Faithless: Bombs
The video for Bombs by UK group Faithless contains powerful, thought-provoking imagery. Which is probably why it’s been banned by MTV*.
*I have not been able to confirm the ban via any news organization, but that’s the word on the blogs and elsewhere:
They have a thing on MTV Hits where you can ask any question you like via TXT, so I asked why MTV had banned the video :-) They actually aired it and answered! Here is what MTV said: “No official statement has been made, but Faithless ‘Bombs’ has most likely been banned for being too violent, political and/or controversial !!!
[tags]music[/tags]
December 1st, 2006 at 10:28 pm
Wikipedia confirms the ban.
December 2nd, 2006 at 12:49 pm
What a lush, captivating song – musically, thematically, even narratively! The parallels and connections in the lyrical back-and-forth and in the imagery of the video (normally a lot of throwaway dancing baloney in most music videos) are rich in tension:
* The close tracking of parallel military-industrial phenomena (the helicopter framed by the roller coaster loop, the F-15 launching from an aircraft carrier and the small boy tossing a toy glider), mimicking the de facto industrial policy of the US and other industrialized countries since WWII;
* The compelling North-South, White-Brown dynamic that takes the classic blues/funk/hip hop lyrical back and forth and passes it through the strangely appropriate filter of nerdy New Wave styling;
* The musical style itself, with its powerful echoes of the ambivalence that accompanied the original post-punk new wave (techno-fetishism wrapped up in angsty machine alienation).

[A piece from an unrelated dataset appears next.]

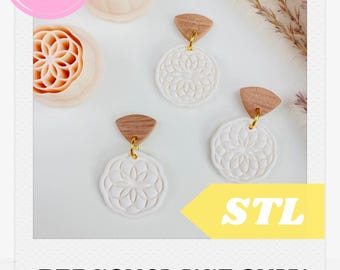 Mandala polymer clay Earring Cutter STL: 3D Print File, Boho Mandala Clay Tool for Handmade Jewelry & Earrings (Digital Download)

In one rhyming pair, they managed to explain just what’s wrong with the neoconservative folly of the absurd ‘hearts and minds’ campaign in Afghanistan and especially Iraq: “I’m gonna bury my wife and dig up my gun/My life is done so now I got to kill someone”.
I actually got shivers listening to (and watching) this video. In my cranky, generation-gapping old age, I didn’t think anyone was making music this good anymore. I even like how, since techno has run its course and hit up against the reductio ad absurdum of 180bpm trance and chaotic drill-n-bass, it has once again become possible for a serious artist to use electronica to make a well-crafted, thinkin’ person’s pop song.